Pros and cons of a kitchen island
Kitchen islands are in vogue and you won’t open a homes magazine without them featuring in a kitchen layout. They run the gamut from bijoux with stools tucked underneath to vast with hobs, sink and wine coolers installed. Kitchen islands can be the workhorse of the kitchen and the hub of the home, and on the flipside, they can be cumbersome and impractical. Here are the pros and cons of a kitchen island to weigh up before you take the plunge.
Evolution of the kitchen island
The kitchen hasn’t always been the heart of the home, as we know it today. Kitchens were built purely for function and in the 1800s entertaining would be done elsewhere in the house, and only then this was for the wealthy.
In the 1930s, Frank Lloyd Wright described the kitchen as the “psychological centre of the home” and he designed the first mainstream iterations of open-plan living. From then, the concept really took off and by the 1950s it was commonplace for a neighbour to pop in and have a cup of tea around the kitchen table.
The 1970s, 80s and 90s saw TV chefs bringing viewers into their kitchens and cooking around a central station.
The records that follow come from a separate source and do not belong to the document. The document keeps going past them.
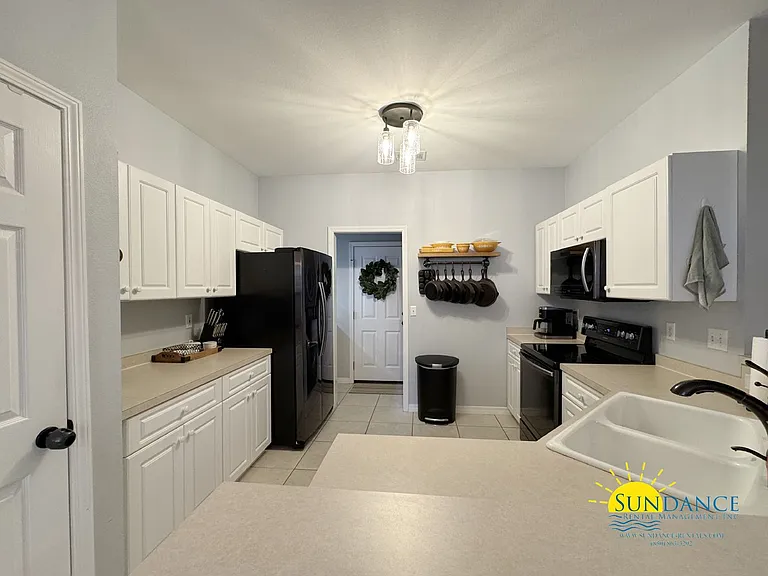 3 Coolwater Ln — Photo 6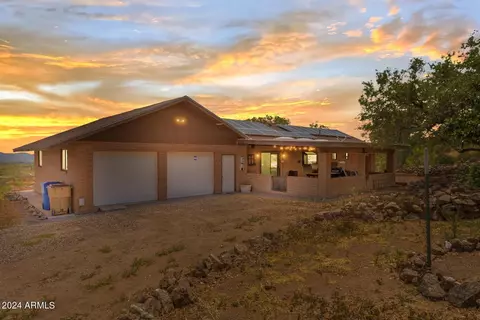 3894 E Mountain Vista Rd, Hereford, AZ 85615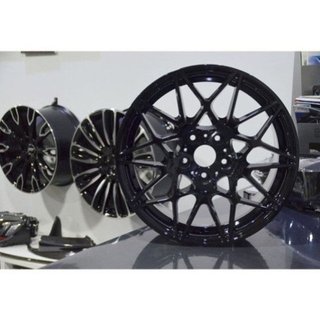 Juego de 4 Llantas 18 M4 GTS Glossy Black BM063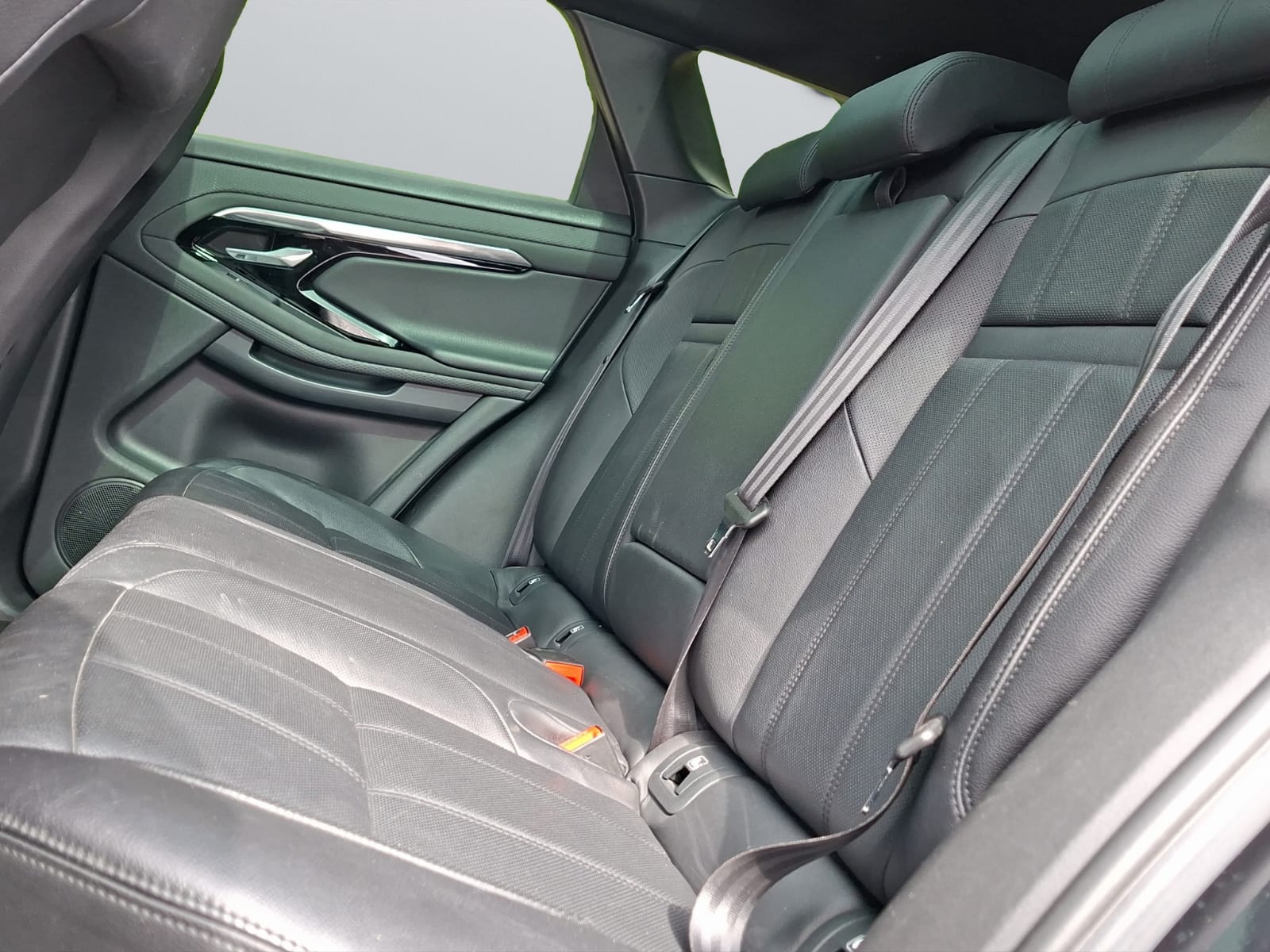 LAND ROVER Range Rover Evoque D 150 S AT9-image-9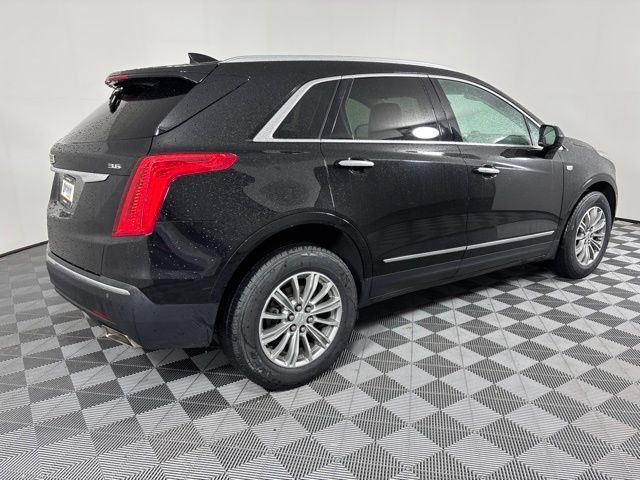 Used 2017 Cadillac XT5 Luxury AWD/4WD image 6
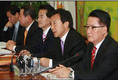 <여론조사> 민주당 지지율 하락세 지속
Since 2000, we’ve seen the biggest updates to a kitchen island with the installation of sinks, dishwashers and under-counter fridges. While there has been some variation of the design for many years, there are still pros and cons of a kitchen island to think about.
What are the pros of a kitchen island?
Kitchen islands are popular for a reason and there are a ton of pros to installing one in your home. One of the foremost pros is added counter space. The modern kitchen is so full of gadgets, from coffee machines to stand mixers, we’re often scrabbling about for worktop prep space. The kitchen island alleviates this issue.
Additional counter space is also handy if you’ve got a hob installed into your island, as your work flow from food prep to cooking will be seamless.
A kitchen island can add a real social element to your home and function as a place for everyone to gather around. Place bar stools around the island so family and friends can sit and chat while you cook. It’s great when you have guests over, as you won’t feel separated when entertaining and it can eliminate the need for a dining table. Or have your children do their homework at the kitchen island while you’re cooking dinner. If you have an open plan layout in your home, the island can provide a great focal point.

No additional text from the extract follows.